The study also had some limitations. A relatively small number of genetic markers were used, reducing our ability to provide a high level of resolution with regard to the precise location of potential risk variants. The main weakness of the study was in the small sample size, which raises concerns about the statistical power of the study. Of all the reported associations, the one between marker rs3287 and SI will require the greatest level of statistical power in order to reject the null hypothesis.
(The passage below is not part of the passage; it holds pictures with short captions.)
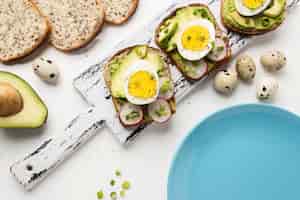 Kostenloses Foto draufsicht von ei und avocado-sandwiches auf tisch mit teller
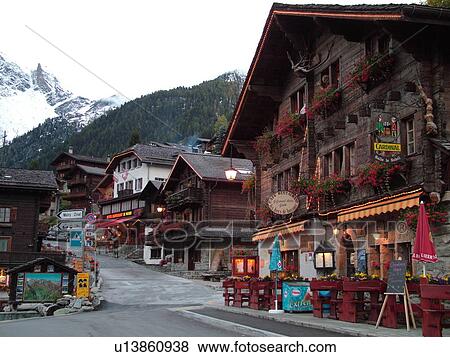 Stock Photo -  Switzerland, Europe, valais, wallis, Val d'Anniviers, Grimentz, alpine village, Les Becs de Bossons CafT Restaurant, Pension, outdoor cafT. Fotosearch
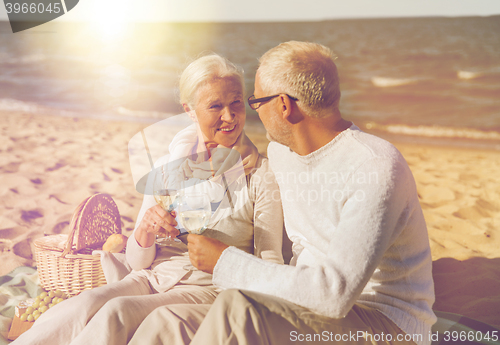 Image of happy senior couple talking on summer beach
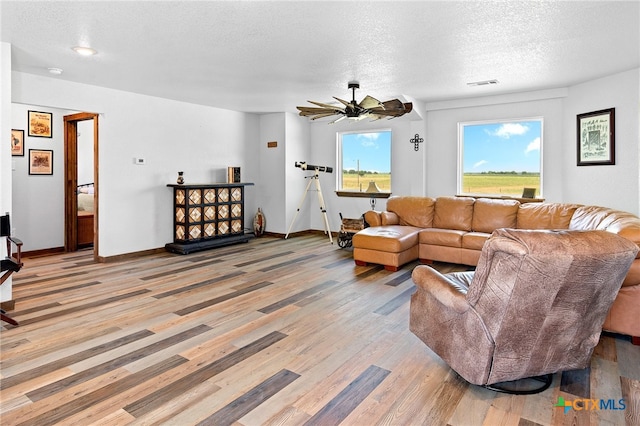 living room with ceiling fan, light hardwood / wood-style flooring, and a textured ceiling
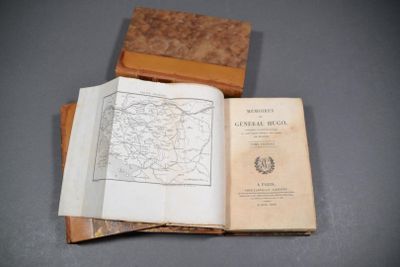 un livre ouvert posé sur une table à côté d'un livre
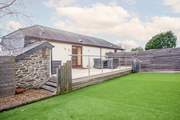 Access to the garden is found through the French doors on the first floor and leads out to this gorgeous decking.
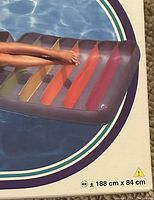 Photo showing the dimensions printed on the inflatable lounge chair (188 cm x 84 cm) and portion of the rainbow design with purple outline.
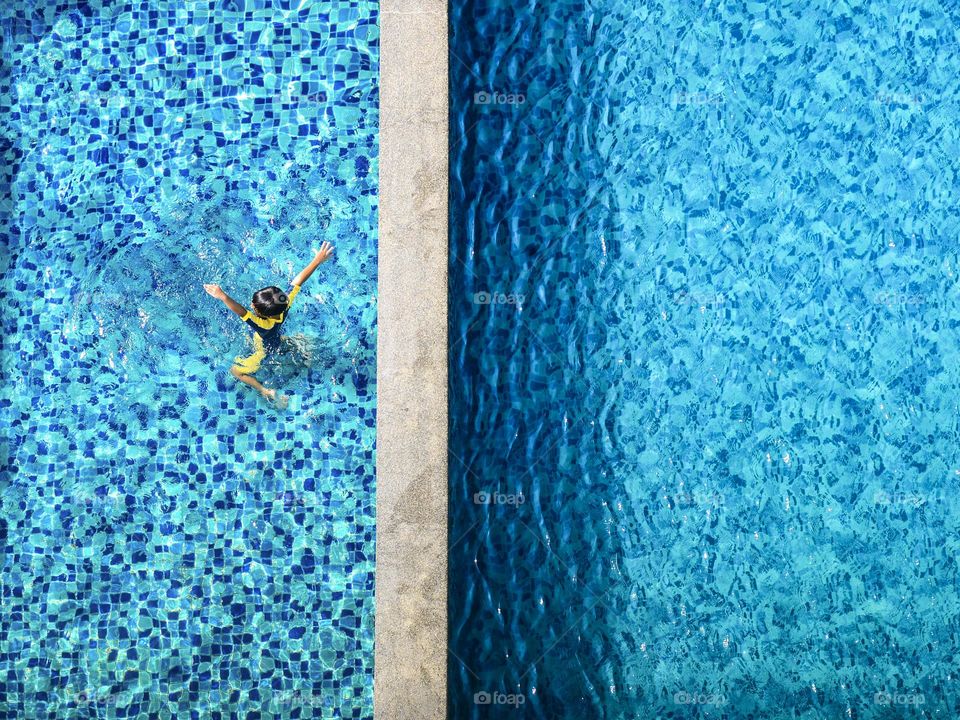 View from above of a boy playing in the swimming pool on a sunny day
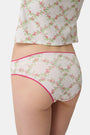 A person wearing the Roller Rabbit Raspberry Garden Gwen Bikini, a matching white camisole and vintage-inspired underwear set with a pink floral pattern and pink trim, shown from mid-torso to upper thighs.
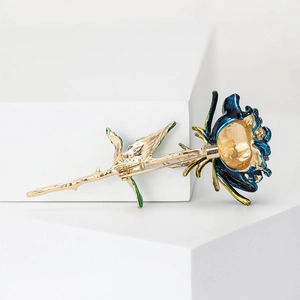 Elegant gold-tone rose brooch with deep blue enamel petals and green leaf accents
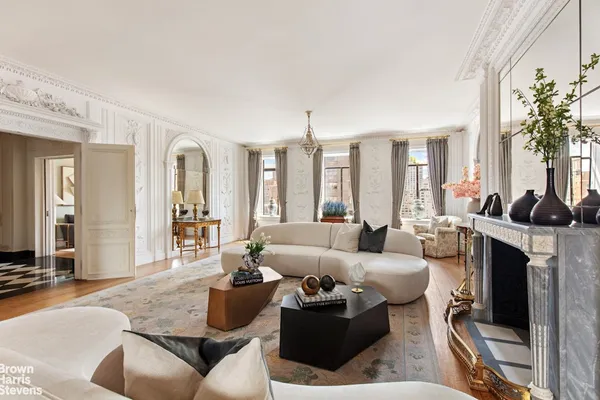 a living room with furniture a large window and a fireplace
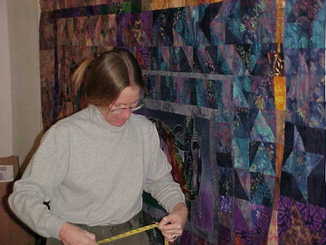Cindy in the studio, designing a quilt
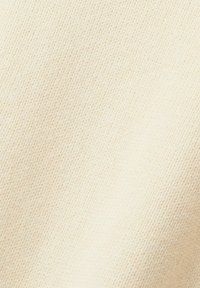 Tissu tricoté couleur crème avec une texture fine, tissée serrée et un subtil motif côtelé diagonal.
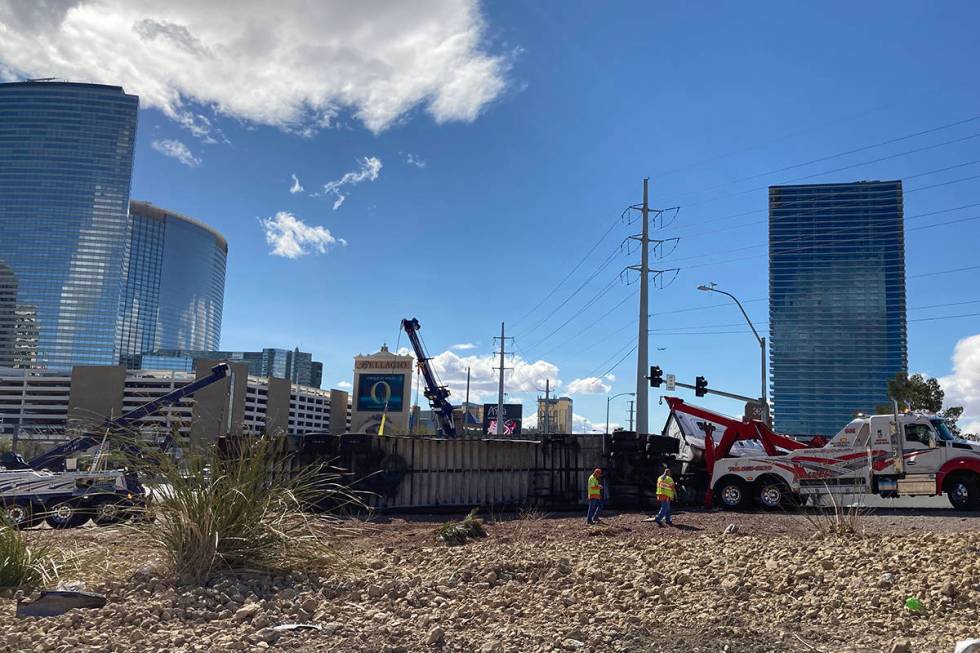 Crews work on an overturned semitractor-trailer Monday, March 15, 2021, on the eastbound Flamin ...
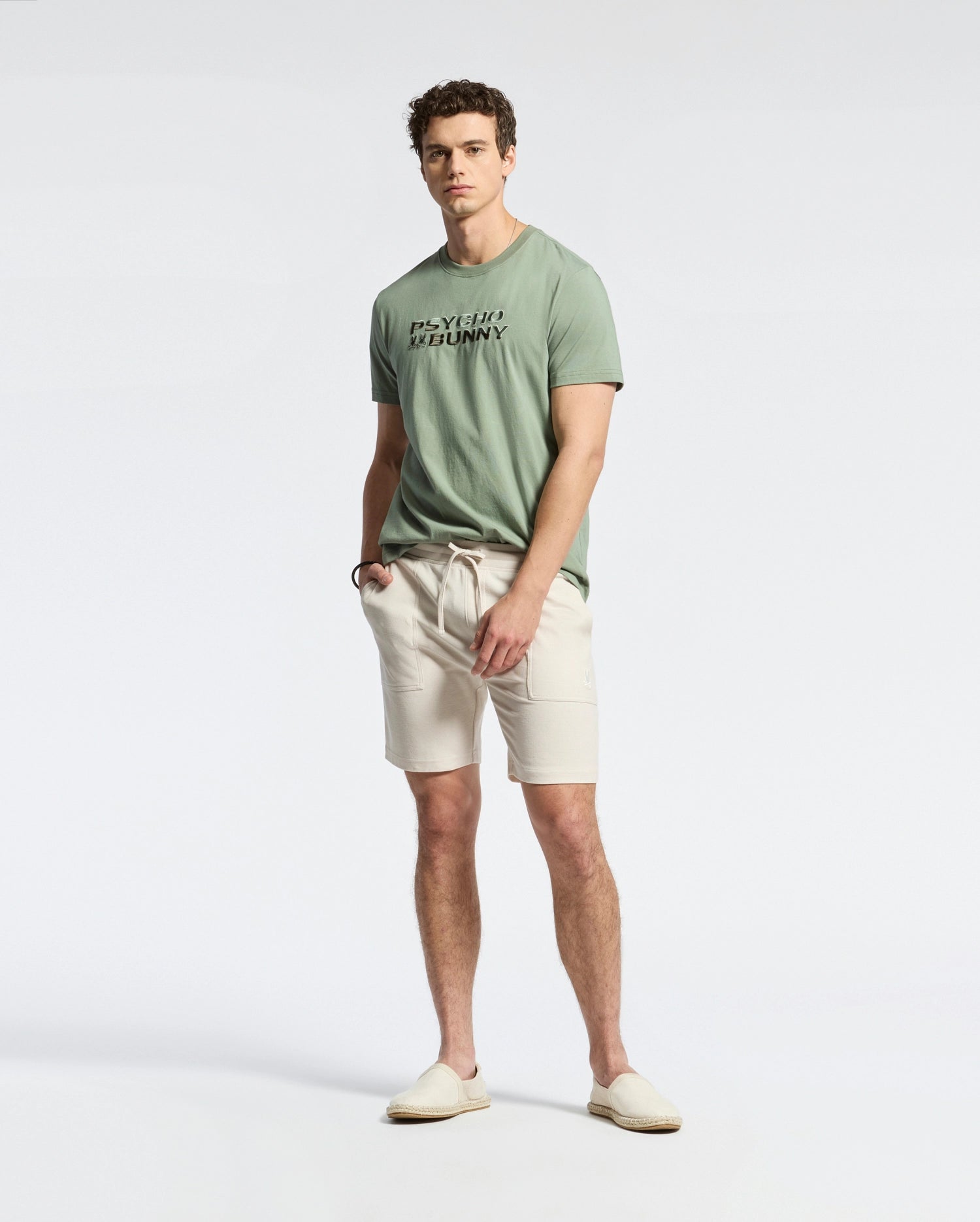 A man stands against a light grey background, wearing a Psycho Bunny men's Berni Embroidered Wordmark Graphic Tee made from soft Pima cotton. He pairs it with beige shorts and slip-on shoes, hands in pockets, complementing his short curly hair.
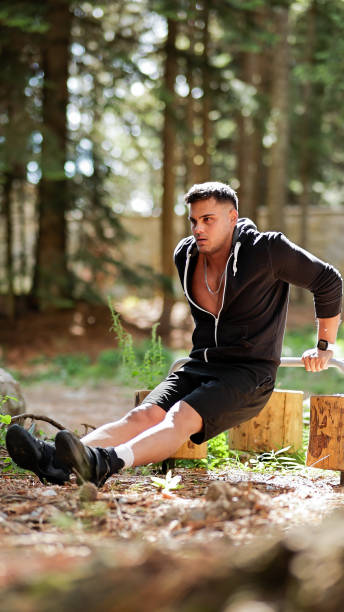 istock Young Man Practicing Tricep Dips on Parallel Bars in a Forested Outdoor Environment, Strength Training and Fitness Routine 2178050281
A power calculation for this association model reveals that at a p-value of 6 × 10-5, our data provides 67 per cent power to estimate the R-squared effect of 0.45 that we obtained for the full model, with a semi-partial R-squared for the marker of 0.04. Although this level of power might not seem sufficient, the concerns of this association being a type 1 error are dissipated by the fact that it represents a form of replication of several previously reported findings at chromosome 2p21. Evidently, this level of detection with a small sample size was aided by the use of precise phenotyping, the consideration of physiological parameters and the inclusion of admixture estimates, as previously discussed.
In conclusion, we have shown that regions on chromosomes 2, 8 and 15 were associated with insulin-related traits in this sample. These results suggest that these regions may harbour causal variants that may also explain population differences in the insulin-related phenotypes and, ultimately, type 2 diabetes prevalence, since the markers tested exhibit large frequency differences between groups. Future studies must combine detailed phenotypic, environmental and genetic measures on similarly diverse but larger sample sizes. The inclusion of different populations is of paramount importance if we are to understand the genetic basis for population differences and fairly implement effective prevention, intervention and treatment strategies.